I had to trust my training. I had done the work. Another teammate suggested visualizing positive outcomes throughout the entire race — not what could go wrong, but how I would make success happen. She based this in faith. After we began our 1.2 mile swim, I began visualizing the entire swim — churning among the hundreds of people fighting for a spot in a narrow river. I visualized the transition to the bike and stopped thinking about “what if I get a flat?” I sprinted into the transition to drop off my bike and start the run, my favorite part. Despite the heat, I kept thinking about the incremental way-points between each mile…and the smiling, laughing, encouraging volunteers who overwhelmed the course.
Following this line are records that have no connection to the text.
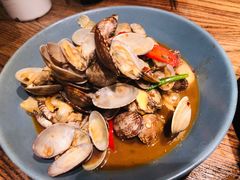 -70后饭吧(府河街店)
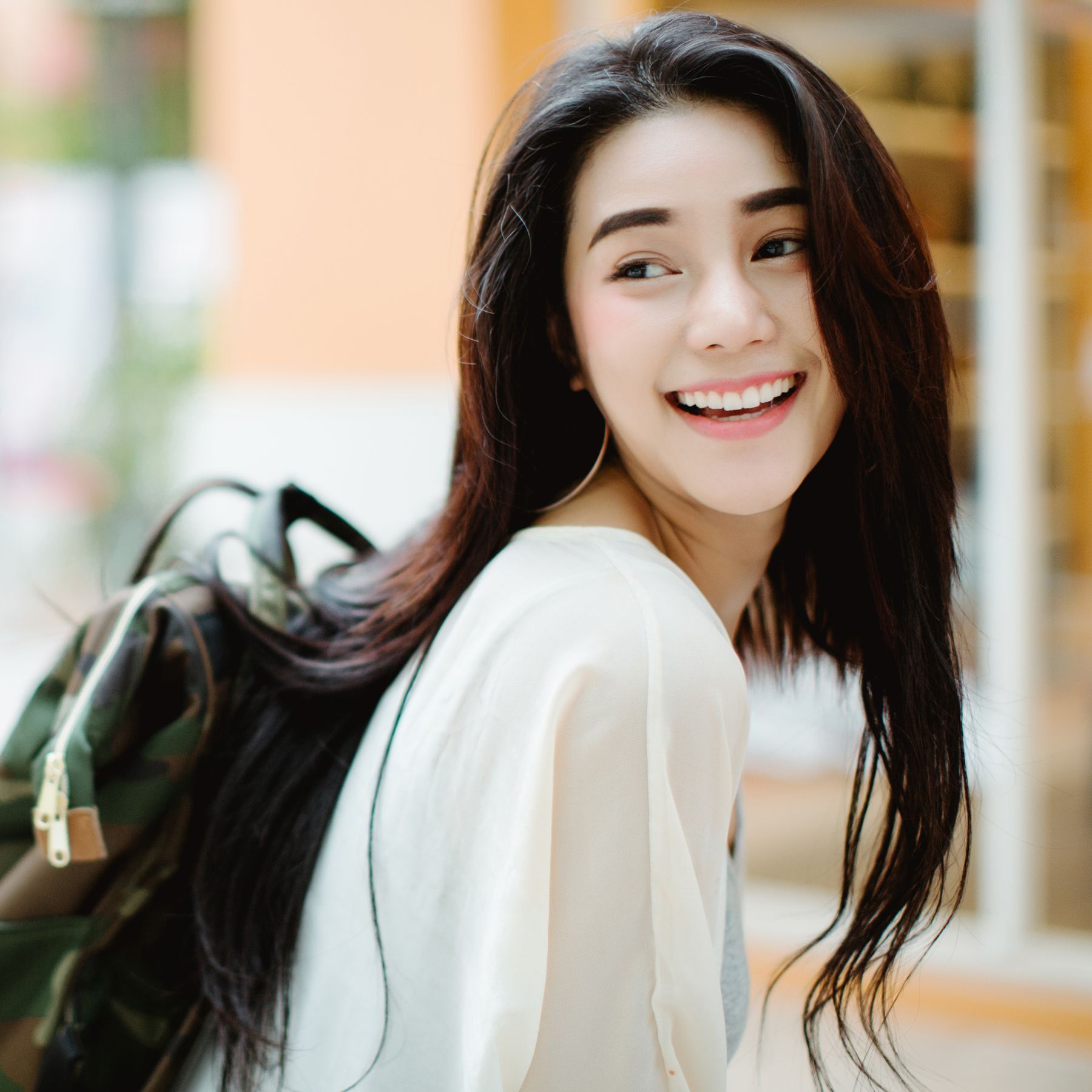 ผมตรงสวยดูพลิ้วไหวเป็นธรรมชาติ(Credit : Shutterstock)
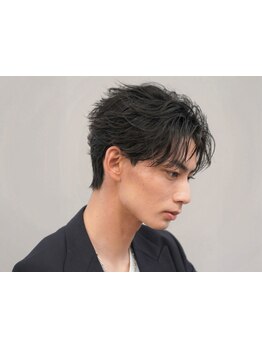 《自宅でもサロンクオリティに》緩めのカールが人気のフェザーパーマで、垢抜けた印象に*[原宿/メンズ]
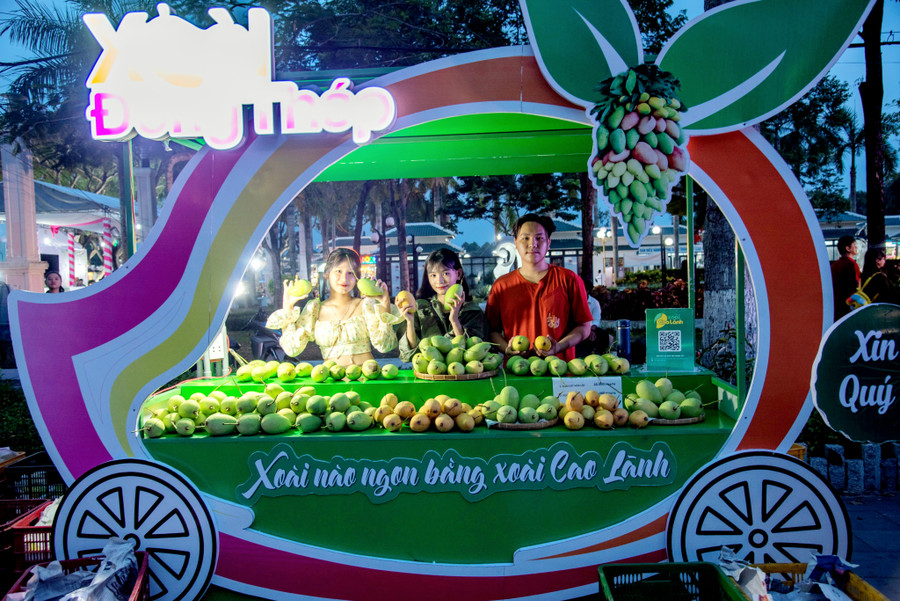 Nhà vườn bày bán xoài trang trí đẹp mắt. Nhà vườn bày bán xoài trang trí đẹp mắt.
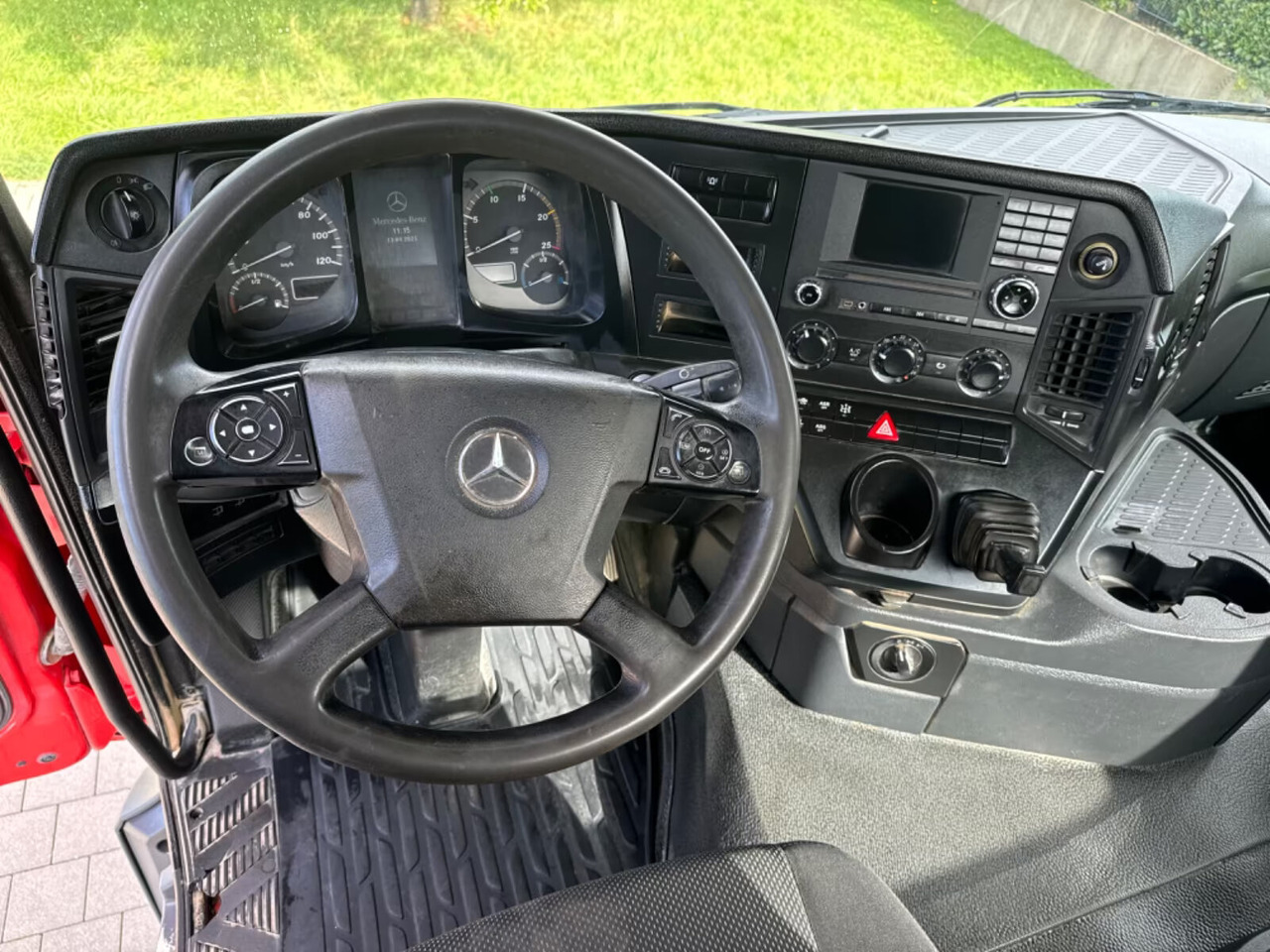 Mercedes-Benz Arocs 2645 K 6x4 Arocs 2645 K 6x4, Retarder, Bordmatik - Istovarivač: slika 2 Mercedes-Benz Arocs 2645 K 6x4 Arocs 2645 K 6x4, Retarder, Bordmatik - Istovarivač: slika 2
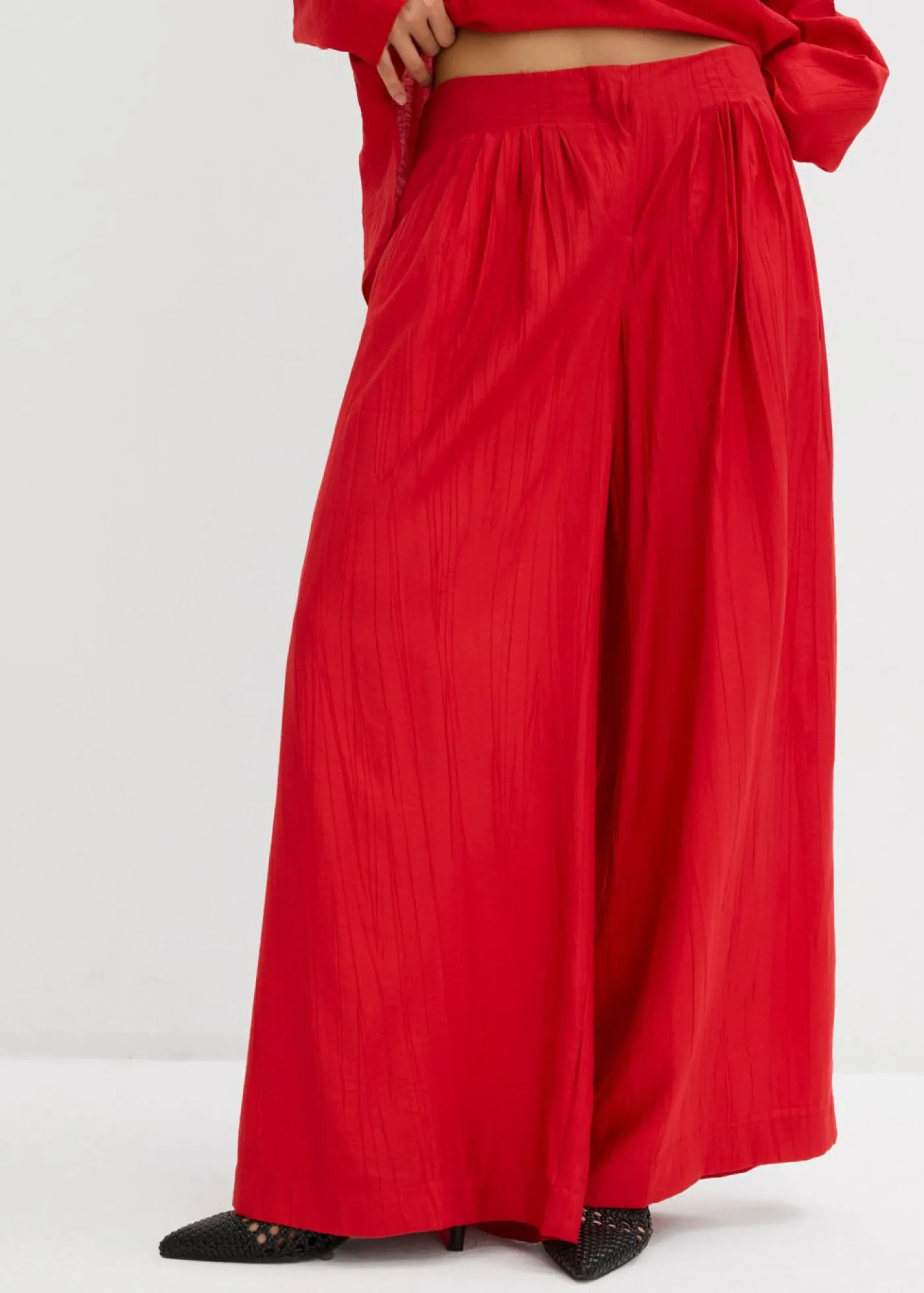 bonprix bonprix Pantalón palazzo de mezcla de viscosa arrugada con estructura Rojo salsa Clearance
Then seeing my teammates. This was the first race where I kept a positive attitude the entire time, visualizing my success with each step, not looking at my watch to see if I’d make a certain time.
At the finish line, I realized that I came within 5 mins of my goal time, the time that put me in with the faster women on my team. I went from struggling back in February to going farther than I ever thought possible in July. After all, pain is momentary, but race results stay forever on the Internet! WOOHOO!!
So, this is a long-winded analogy to get to the academic atmosphere — collegiality comes only when I contribute to it, not when I take away from it. I raced my race. 500 or so women out there around me raced theirs. We all celebrated each other, competed not-so-subtly against each other, participated in something we love.
I found it again. After the race was over, my elation caused a sudden blubbering. I had done it. I succeeded. What a great feeling….that soon dissipated 2 days later as I realized that sabbatical was ending, and I would return to the department where I seem to have become part of a group, the tenured faculty who are responsible for creating a congenial, contemplative, rigorous arena for exploration.
This semester brings me to teach a Digital Humanities course for the Library School — completely online. And next Spring heralds a generous and exciting invitation to teach an undergraduate course on Digital Dickens and possibly a graduate course on Digital Humanities (depending upon the budget). My colleagues have completely surprised me. I won’t sit quietly fuming in committee meetings any longer. Or hold grudges.
Instead, I have a series of dinner parties planned and look forward to this latest crop of students. We don’t have much in the CSU system — we’re celebrating our new contract because there weren’t any cuts to salaries and healthcare, but no raises for the 4th year. This is what I signed up for, though, the life of an academic. And with that a good life balance to be enjoyed over food, family, and friends.